Editor's note: This post about IBM's Next 5 in 5 prediction about the future of mobile computing is by Paul Bloom, IBM's Chief Technology Officer for Telco Research.
Think about what you can already do with your mobile smartphone – check your bank account, tweet, watch television, and oh yeah, make a call. But all of this access still depends on where you are, and you have to initiate the communication.Over the next five years, mobile devices will assist you in your daily life by initiating the communication with you and providing helpful information based on your context. For example, when you order your lunch from your cell phone, you might get a message recommending a healthier selection, based on the restaurant and your personal profile.
Since your phone will also be your wallet, bank and record keeper, your cell phone will let you know what the impact of this lunch will be on your budget and may modify the recommendation based on predicted cash flow. This is only one example of how your mobile device will have access to the results of predictive analytics based on your location, context and personal information, aiding you in every facet of your life.
Freeing up today’s networks
As more people use mobile phones, the network will take on more workload. Today, wireless data networks are already overloaded because of what we’re sending over them – high definition videos, for example. To meet the demand of all these mobile centric services, we have to optimize and extend the network.
For example, when you download a video, the request goes to a server and all that data gets shipped from the server, down to your device.
How it could change: if the network knows that you, and your neighbors, are watching that HD video, it could be stored in another location (off the server), so that it’s closer to where the videos are being watched.
Or, peer-to-peer access – which harkens back to the early days of computing when companies and universities shared unused compute capability for a task – could turn our mobile devices into a point in the network. If you have bandwidth that you’re not using, someone else who needs additional bandwidth communicates with you to get that additional access.
Communicating at any time from any where
In five years we will see the massive introduction of machine-to-machine based services. So people won’t initiate communication for information; rather, systems will initiate communication and data to the mobile users. For example, your mobile will have access to your electronic healthcare records while also monitoring your vitals, such as blood pressure, in real time. Now, a system could notify and connect you to a doctor if your blood pressure is out of a normal range.
And paper currency will also become obsolete as transactions will go from mobile to mobile. As security issues and banks’ roles are worked out, we will be able to buy and sell goods, lend money to a friend, and more. Countries that don’t have to battle legacy telco infrastructure are leading the way. Kenya, for example, does not have a traditional banking infrastructure. So, you’re seeing telcos offering mobile banking to provide micro-transactions.
Industry regulations, security controls, and improved bandwidth and speed (in the case of countries with legacy infrastructure) will determine how quickly these capabilities and services become available.
Think about this: your mobile device knows where you’re going, where you’ve gone, what you’ve bought, where other people have gone and bought, and other data that could change the way people start thinking about their daily routines (commuting, shopping, investing, etc.).

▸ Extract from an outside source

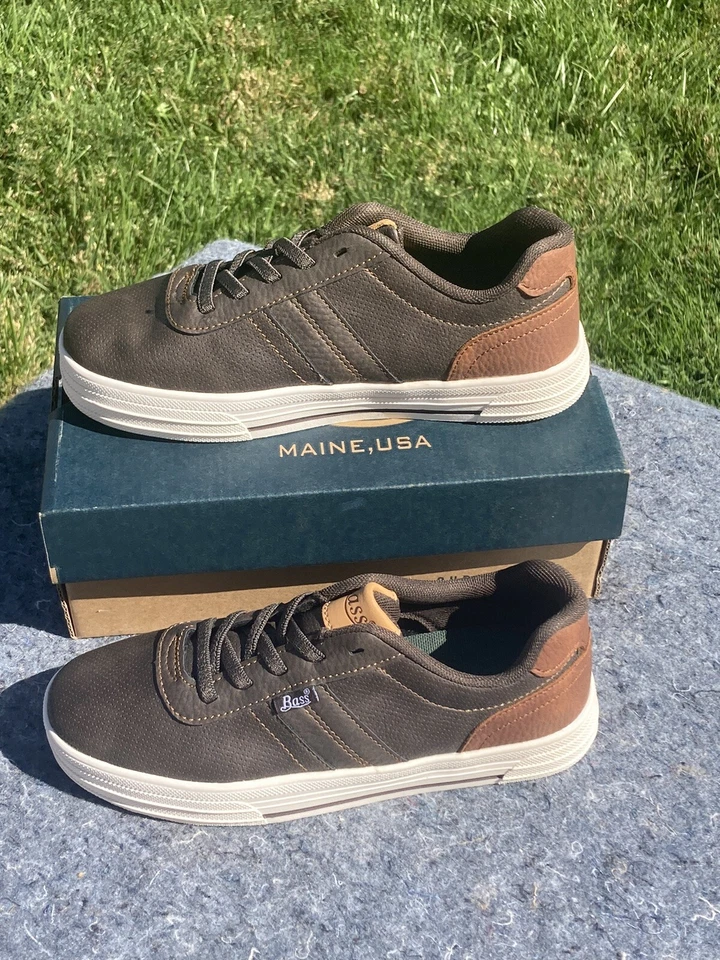 ¡NUEVO! G.H. BASS & CO. Zapatos Miles para niños con cordones elásticos elásticos marrón/bronceado talla 3M Foto 3 de 4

With this whole new set of data that we can apply predictive analytics to, I could predict how a behavior – say, eating fast food – would affect my current health.
Some industrial nations such as South Korea are fast approaching these capabilities. Others you may not suspect, such as Africa are poised to become a “have” in the mobile industry, too. Countries not keeping up (including a “have” like the U.S.) could mean not just weak signal strength in a rural area, or a slowly downloading video – it could prevent the penetration of entire services.